Rep. Barry Loudermilk (R-Ga.), who chairs the House Administration Committee’s oversight subpanel, said that the access for accused rioters and others — which Speaker Kevin McCarthy has greenlighted — would be granted on a “case-by-case basis.”
“Everyone accused of a crime in this country deserves due process, which includes access to evidence which may be used to prove their guilt or innocence,” Loudermilk told POLITICO in a statement. “It is our intention to make available any relevant documents or videos, on a case-by-case basis, as requested by attorneys representing defendants.”
Loudermilk will be leading the effort given his senior Administration panel post, according to a senior Republican congressional aide who addressed the evolving decision on condition of anonymity. The GOP aide added that the new House majority is working on a system that eventually will allow members of the media and the public to access some Jan. 6 records as well.
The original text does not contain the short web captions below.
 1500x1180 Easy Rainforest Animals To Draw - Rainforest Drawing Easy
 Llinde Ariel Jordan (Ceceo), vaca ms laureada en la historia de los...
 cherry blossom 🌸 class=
The footage access plan, described by three people familiar with the discussions, follows McCarthy’s move to grant exclusive access to the 41,000 hours of internal Capitol film from the day of the riot to Fox News’ Tucker Carlson. McCarthy and his allies are also making clear that there will be limits on the extent of material permitted to leave the tightly controlled confines of the Capitol, where Carlson’s team has been reviewing the footage for days.
“What gets released is obviously going to be scrutinized to make sure you’re not exposing any sensitive information that hasn’t already been exposed,” said Majority Leader Steve Scalise (R-La.).
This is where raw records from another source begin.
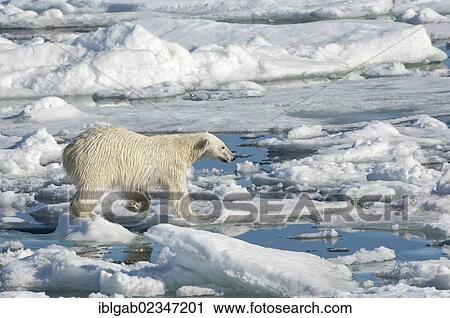 "Female Polar bear (Ursus maritimus) on pack ice, Svalbard Archipelago, Barents Sea, Norway, Europe" View Large Photo Image Stock Image - "Female Polar bear (Ursus maritimus) on pack ice, Svalbard Archipelago, Barents Sea, Norway, Europe". Fotosearch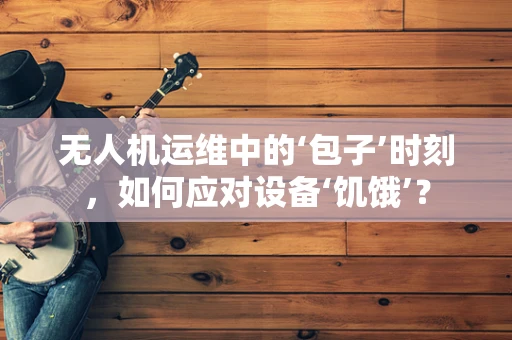 无人机运维中的‘包子’时刻，如何应对设备‘饥饿’？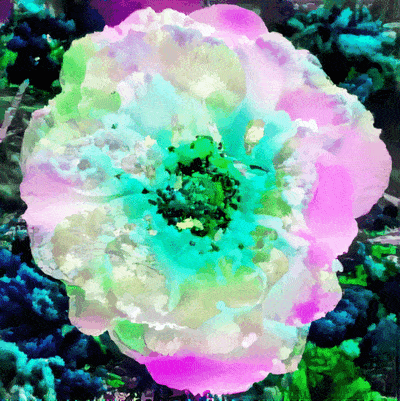 https___ipfs.pixura (16).gif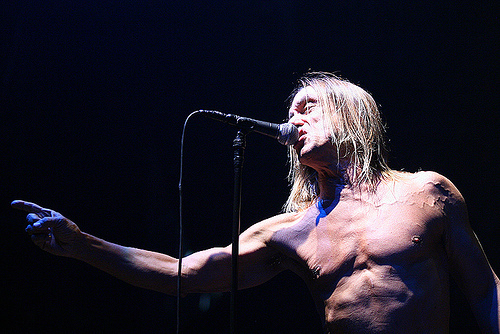 iggy pop by aleksey.const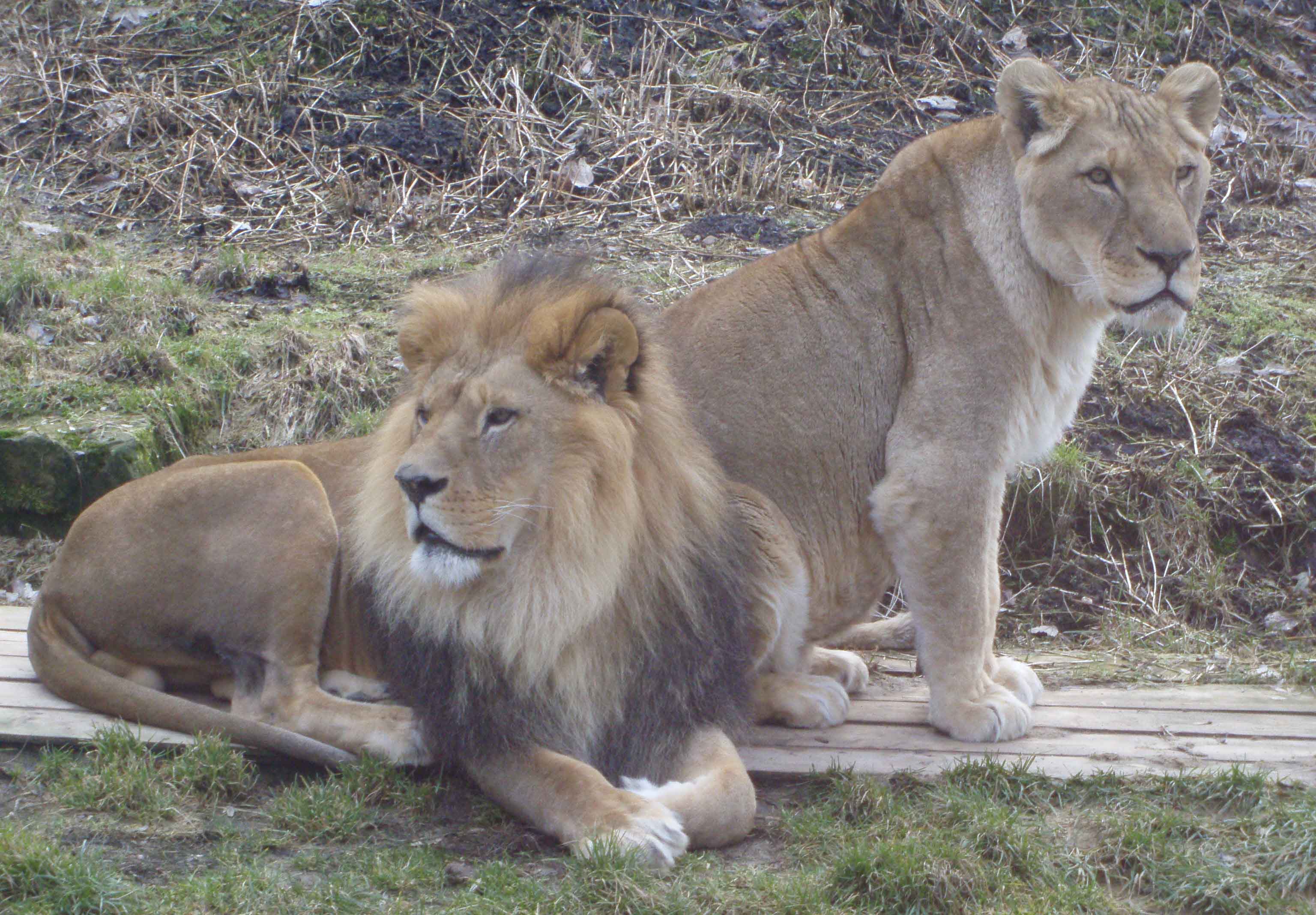Zoo7.jpg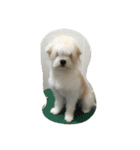 犬時々猫（個別スタンプ：6）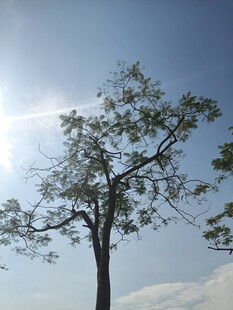 蓝天之下的孤树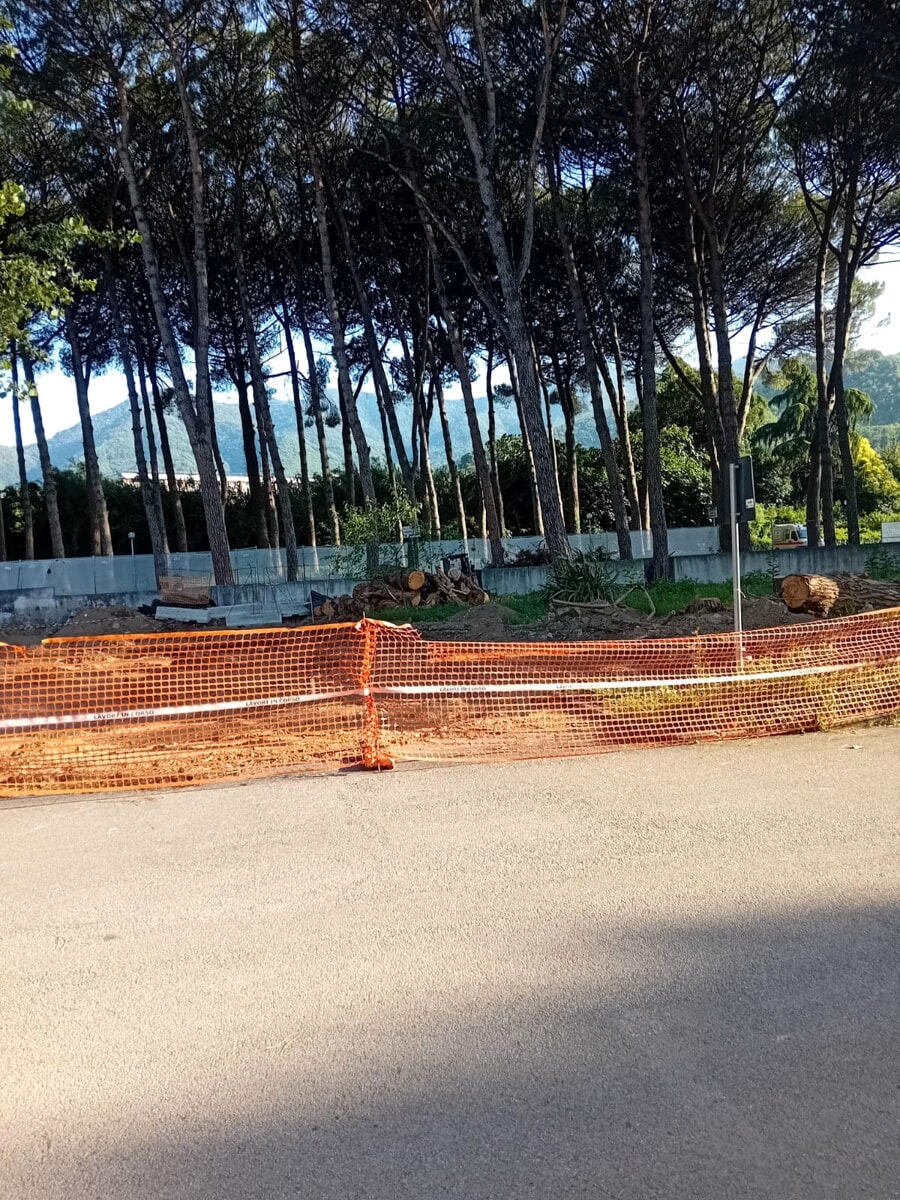 Ospedale di San Severino: al via l’abbattimento di 37 pini marittimi secolari per un padiglione “inutile”, l’ira di Romano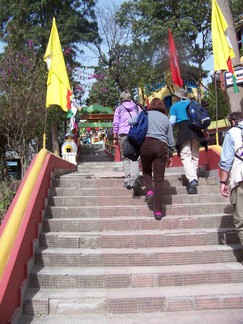 Tashi Jong Monastery, India.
Similar measures would be taken with any footage opened up to Jan. 6 defendants and their lawyers, two of the people familiar said, though details of those steps remain unclear for now. Among the big logistical questions Republicans are still discussing: whether any footage they open up to defendants can be used in court proceedings, which would effectively make it public.
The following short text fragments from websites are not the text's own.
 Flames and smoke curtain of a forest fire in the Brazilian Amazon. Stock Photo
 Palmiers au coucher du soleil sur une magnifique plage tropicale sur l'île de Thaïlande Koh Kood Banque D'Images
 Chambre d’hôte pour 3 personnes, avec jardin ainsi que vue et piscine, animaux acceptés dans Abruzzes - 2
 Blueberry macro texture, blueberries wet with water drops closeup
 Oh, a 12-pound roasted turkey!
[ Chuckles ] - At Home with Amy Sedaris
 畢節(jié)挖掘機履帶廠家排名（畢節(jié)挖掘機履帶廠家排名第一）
McCarthy’s decision to let Carlson view the footage from the violent riot by former President Donald Trump’s supporters has already been raised in two ongoing Jan. 6 criminal cases. In one instance, a lawyer for one of the Proud Boys charged with seditious conspiracy has asked prosecutors to determine whether they will access and share the footage; then on Tuesday morning, Joseph McBride, an attorney for Jan. 6 defendant Ryan Nichols, claimed he had already been given permission to review the footage.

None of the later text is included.